La face conceptuelle du travail de Frantz Lecarpentier à la galerie Fabrique Contemporaine
Frantz Lecarpentier peint des tableaux d’apparence non figuratifs, très colorés, d’une facture à la fois tachiste et géométrique. Bien qu’à distance de la réalité, son document ou une quelconque suggestion illustrée, les peintures sont titrées pour suggérer la plasticité d’un rendu prioritairement sensible et poétique. Il se distingue ainsi de Nicolas de Staël pour lequel son admiration n’est pas contestable, en entremêlant plastiquement des expressions abstraites personnelles avec des systèmes visuels paradoxalement gestuels et spontanés mais où une forme de distance prime : en un mot, conceptuels.

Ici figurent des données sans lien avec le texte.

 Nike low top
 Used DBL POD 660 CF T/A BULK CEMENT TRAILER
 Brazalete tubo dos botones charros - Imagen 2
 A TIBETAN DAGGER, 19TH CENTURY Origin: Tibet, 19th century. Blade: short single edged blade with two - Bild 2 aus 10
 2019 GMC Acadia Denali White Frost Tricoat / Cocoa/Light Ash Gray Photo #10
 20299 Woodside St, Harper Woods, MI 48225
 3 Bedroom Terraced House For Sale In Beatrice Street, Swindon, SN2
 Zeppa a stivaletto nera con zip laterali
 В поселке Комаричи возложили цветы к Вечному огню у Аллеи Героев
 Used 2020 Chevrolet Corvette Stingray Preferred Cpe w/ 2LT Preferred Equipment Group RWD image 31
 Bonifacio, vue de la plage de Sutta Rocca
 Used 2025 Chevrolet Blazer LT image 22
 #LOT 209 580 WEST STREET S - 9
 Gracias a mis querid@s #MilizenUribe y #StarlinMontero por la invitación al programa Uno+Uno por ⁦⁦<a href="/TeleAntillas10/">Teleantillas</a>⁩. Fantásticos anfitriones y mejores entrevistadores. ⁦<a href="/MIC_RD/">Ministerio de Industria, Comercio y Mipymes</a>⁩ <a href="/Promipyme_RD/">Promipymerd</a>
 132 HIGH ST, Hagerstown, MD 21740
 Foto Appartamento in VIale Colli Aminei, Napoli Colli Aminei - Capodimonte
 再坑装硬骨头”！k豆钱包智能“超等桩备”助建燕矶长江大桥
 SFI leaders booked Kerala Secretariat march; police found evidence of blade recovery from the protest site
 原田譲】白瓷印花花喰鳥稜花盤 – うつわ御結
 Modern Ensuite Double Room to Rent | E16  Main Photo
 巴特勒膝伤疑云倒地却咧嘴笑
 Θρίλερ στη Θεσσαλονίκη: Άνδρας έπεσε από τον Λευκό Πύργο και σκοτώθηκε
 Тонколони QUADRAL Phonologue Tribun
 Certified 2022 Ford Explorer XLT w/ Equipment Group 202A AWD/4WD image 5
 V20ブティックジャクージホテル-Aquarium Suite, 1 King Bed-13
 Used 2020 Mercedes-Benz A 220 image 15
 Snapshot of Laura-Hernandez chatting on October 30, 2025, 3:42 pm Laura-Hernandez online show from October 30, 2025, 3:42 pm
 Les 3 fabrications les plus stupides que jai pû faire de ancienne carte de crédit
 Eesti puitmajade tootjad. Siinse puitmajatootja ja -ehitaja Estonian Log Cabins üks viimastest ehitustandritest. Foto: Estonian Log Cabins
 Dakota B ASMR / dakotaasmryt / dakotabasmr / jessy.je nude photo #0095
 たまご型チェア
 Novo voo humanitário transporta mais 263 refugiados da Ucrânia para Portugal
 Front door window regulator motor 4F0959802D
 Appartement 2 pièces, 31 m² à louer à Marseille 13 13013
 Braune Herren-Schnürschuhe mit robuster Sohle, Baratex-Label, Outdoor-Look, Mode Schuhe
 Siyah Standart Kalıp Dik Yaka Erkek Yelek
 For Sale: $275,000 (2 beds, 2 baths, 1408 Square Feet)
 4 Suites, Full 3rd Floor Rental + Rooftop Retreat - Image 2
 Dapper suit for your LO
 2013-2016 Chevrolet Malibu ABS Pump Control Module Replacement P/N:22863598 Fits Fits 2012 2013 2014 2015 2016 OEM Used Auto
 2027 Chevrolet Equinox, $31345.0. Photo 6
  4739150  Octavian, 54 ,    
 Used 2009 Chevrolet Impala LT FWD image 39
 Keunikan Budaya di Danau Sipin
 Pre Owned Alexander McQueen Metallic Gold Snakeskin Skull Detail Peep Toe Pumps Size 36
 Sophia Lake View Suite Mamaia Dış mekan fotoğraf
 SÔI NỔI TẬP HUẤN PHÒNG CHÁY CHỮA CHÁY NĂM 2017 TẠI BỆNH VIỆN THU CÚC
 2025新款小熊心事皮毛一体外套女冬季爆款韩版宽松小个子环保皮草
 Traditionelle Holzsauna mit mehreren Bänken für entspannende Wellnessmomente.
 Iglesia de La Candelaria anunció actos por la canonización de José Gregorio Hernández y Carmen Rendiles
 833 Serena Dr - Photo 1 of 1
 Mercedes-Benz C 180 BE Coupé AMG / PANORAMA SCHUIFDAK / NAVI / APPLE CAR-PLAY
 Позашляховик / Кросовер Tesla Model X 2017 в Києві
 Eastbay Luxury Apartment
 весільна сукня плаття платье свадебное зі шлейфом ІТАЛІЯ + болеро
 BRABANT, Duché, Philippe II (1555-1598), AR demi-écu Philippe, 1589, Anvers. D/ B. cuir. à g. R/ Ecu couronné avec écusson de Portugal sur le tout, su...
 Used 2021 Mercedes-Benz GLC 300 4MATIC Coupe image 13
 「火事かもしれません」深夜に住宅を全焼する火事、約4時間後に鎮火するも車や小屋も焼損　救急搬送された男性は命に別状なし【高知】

Les dimensions modérées voire intimes des tableaux surexposent ainsi et (en sorte) les possibilités d’une peinture conjointement en germe, en action et à distance variable ou aléatoire de ce qui se regarde, se montre et s’interprète. De ces façons, on devine autant qu’on se projette fictivement en train de concevoir quelque chose que Frantz Lecarpentier a tenté d’instaurer mais que, peut-être, il préfère laisser imaginer, étant lui-même confronté avec ce qu’il cherche à rendre essentiellement sensible. Toujours est-il que les manières qu’a le peintre de faire osciller ou interagir ses choix entre composition et non composition, taches, empreintes ou écritures, diversité et intensité des couleurs troublent et provoquent attention et questionnements. On se demande alors qui du peintre ou du spectateur fait décoller et entraîner les peintures vers des visions nouvelles qu’elles anticipent, traduisent ou présument à la fois.
A n’en pas douter, tout cela fait émerger la peinture de Frantz Lecarpentier de profondeurs sensibles que seul un travail plastique assumé et réfléchi a pu conceptualiser et épaissir.
« On vanisching »* : Hans Op de Beek, galeries Templon Grenier Saint-Lazare et rue Beaubourg.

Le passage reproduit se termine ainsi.